Tail Drops are packets which are dropped when the queues are full, if trail drops occur then multiple packets usually get dropped this causes TCP to slow down considerably. It is more efficient to discard fewer packets before the queue gets full rather than have packets being tail dropped, WRED achieves this.
WRED looks at the average queue depth and compares this to the minimum & maximum queue depth. If the average queue depth stays below the minimum queue depth no packets will be dropped, but likewise if it goes past the maximum queue depth all packets will be dropped, this is called full drop and is different to tail drop as the buffers are not full but it works in a similar way. If the average queue depth is between the minimum & maximum queue depths then it will drop a percentage of packets from 0 to a maximum percent. The maximum percent to drop is defined in the Mark Probability Denominator (MPD), the simple formula is;
Drop % = 1 / MPD
For IPP 0 traffic the MPD defaults to 10, which results in a maximum of 10% (10% = 1 / 10) of the traffic being dropped between the minimum & maximum threshold, remember that if the average queue depth exceeds the the maximum threshold it will always drop 100% of the traffic. I have created a graph showing this below;
Not all queuing methods support WRED so it can only be configured on a physical interface (with FIFO), on a non LLQ class inside a CBWFQ policy map, or on an ATM VC.
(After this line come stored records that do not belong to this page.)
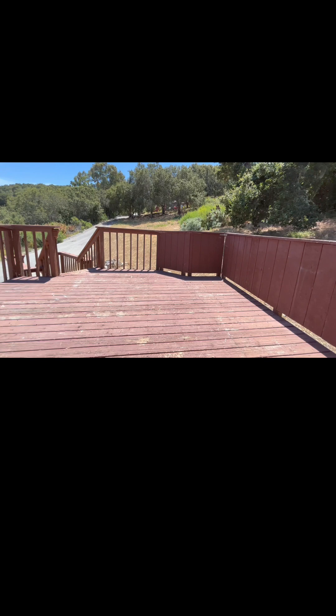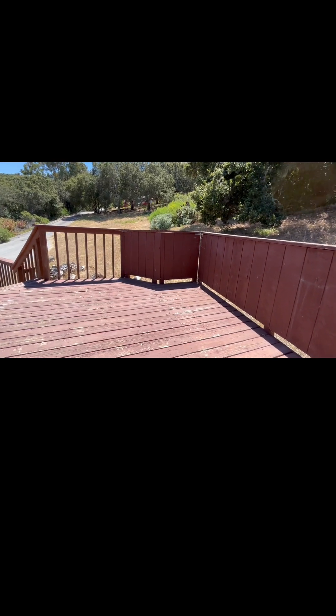Just imagine enjoying your morning coffee with this incredible view. For more information, give us a call at 831-484-8983.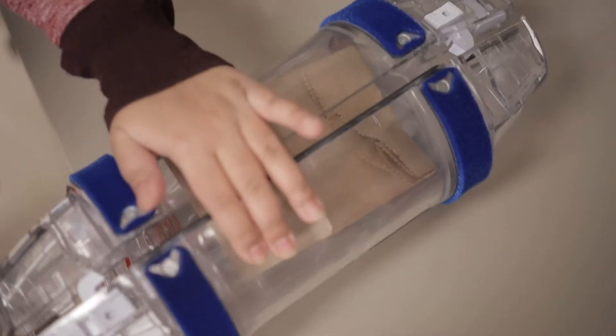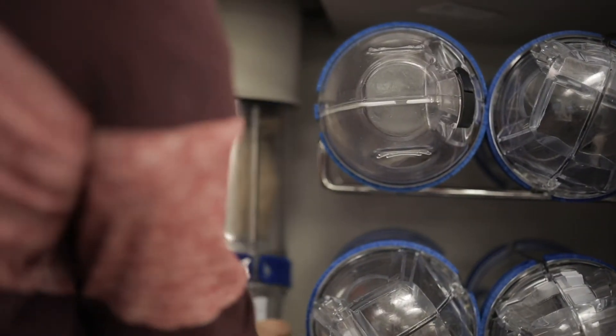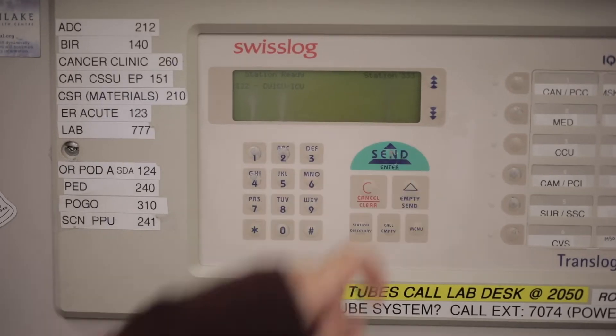As we improve and leverage more and more automation and general software for the medication distribution system, we will then be able to provide barcode technology at the bedside for nurses, which they will be able to use as we improve our systems throughout the hospital.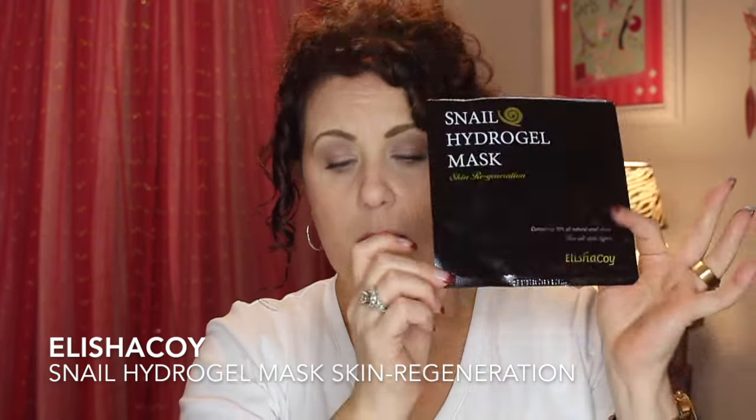This brand is Alicia Koi — I'm pretty sure I ordered it from Wishtrend. It's the Snail Hydrogel Mask. It's a two-part gel mask — not a traditional sheet — one piece for the upper face and one for the lower. It's really nice. I bought six of them and I'm definitely going to get more.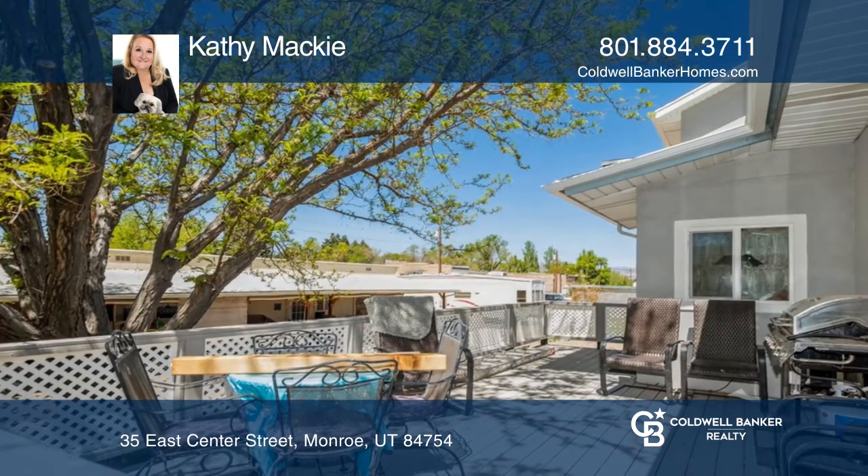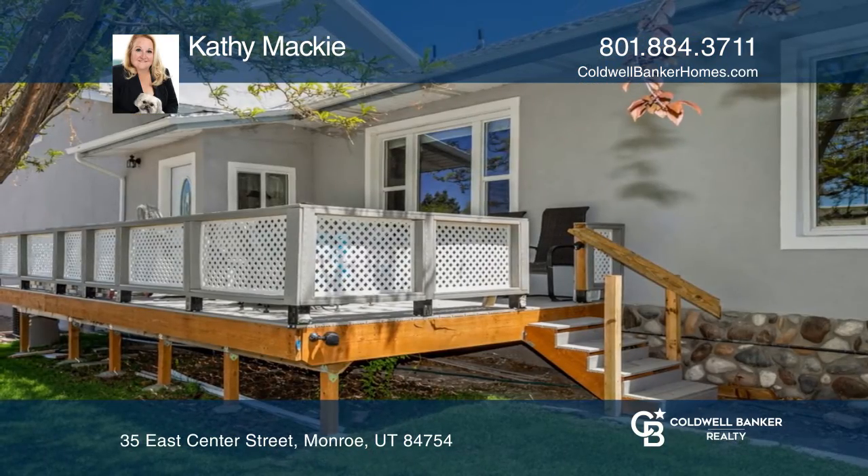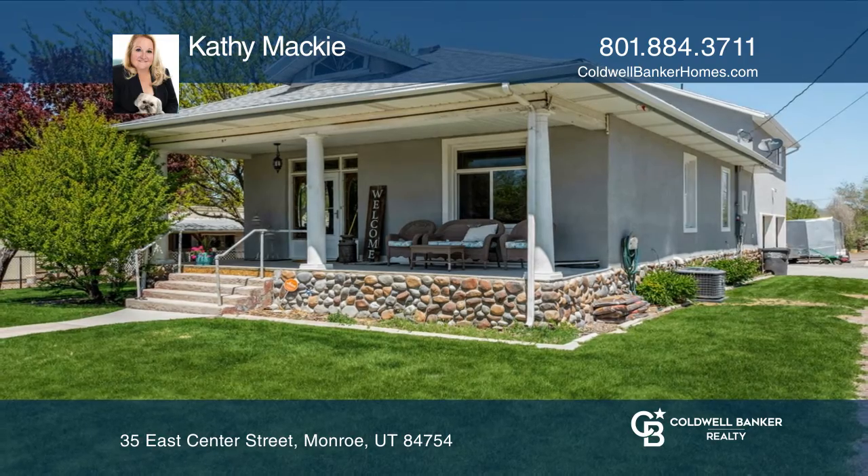Outside, you'll find a new Trex deck and front porch, along with a large garden area. Think this is the perfect home for your family? Check it out today by calling Kathy Mackey.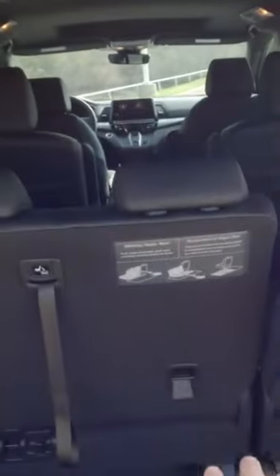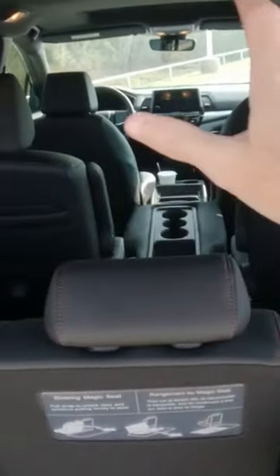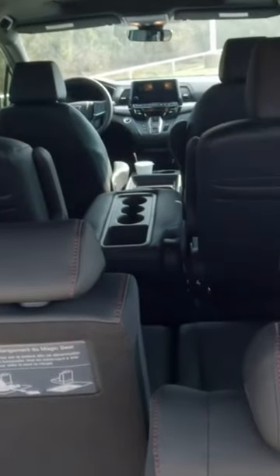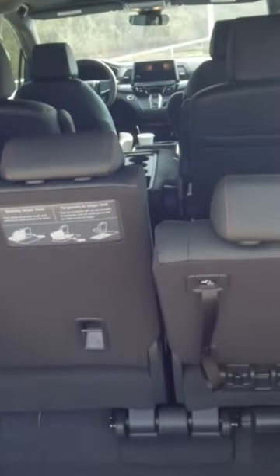And what about cargo capacity numbers? 32.8 up to 140.7, up to a maximum when you lower these rear seats — and you can take the middle row seats completely out. There are actually three different seat configurations. I'll show you a picture on the screen because I'm just too lazy to pull them all out myself today, but that maximizes cargo capacity to 144.9 cubic feet.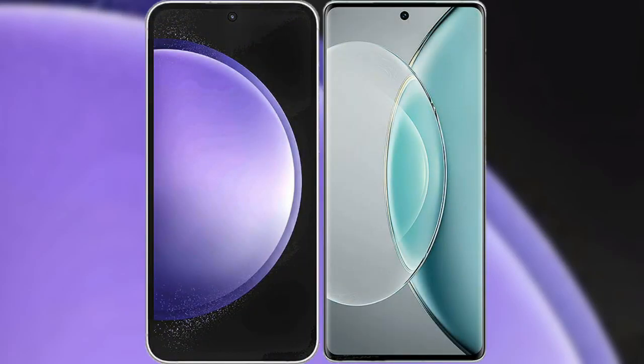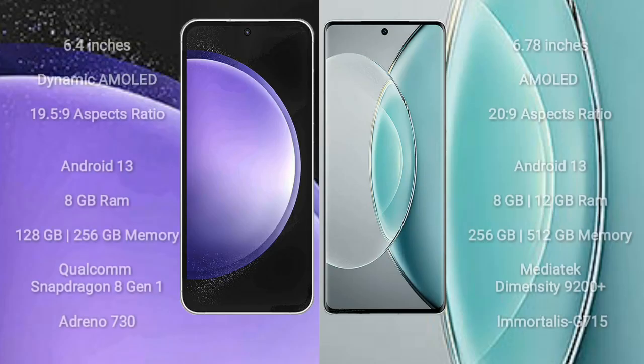I will compare the new Samsung Galaxy S23 FE with Vivo X90s. Samsung Galaxy S23 FE comes with a 6.4-inch dynamic AMOLED display and aspect ratio 19.5:9. Vivo X90s comes with a 6.78-inch AMOLED display and aspect ratio 20:9.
WRED is configured on a physical interface or in a class within a policy map with the random-detect command. By default WRED will only look at IPP and not DSCP but we can use the random-detect dscp-based command to tell WRED to look at DSCP instead of IPP.
By default WRED will also respect the drop probability set in the DSCP value for Assured Forwarding by changing the default minimum drop threshold depending upon the drop proabibiltiy.
The WRED settings for each IPP or DSCP value can be changed with either of the following commands;
Random-detect precedence precedence-value min-threshold max-threshold [mark-probability-denominator]
Random-detect dscp dscp-value min-threshold max-threshold [mark-probability-denominator]
We can also change part of the WRED calculation which changes the formula for the rolling average queue depth, this is called the exponential weighting constant and changed with the command random-detect exponential weighting-constant exponent. Setting it to a high value makes the changing average move slower, and setting it to a low value makes it a quicker changing value, its not recommended that this is changed.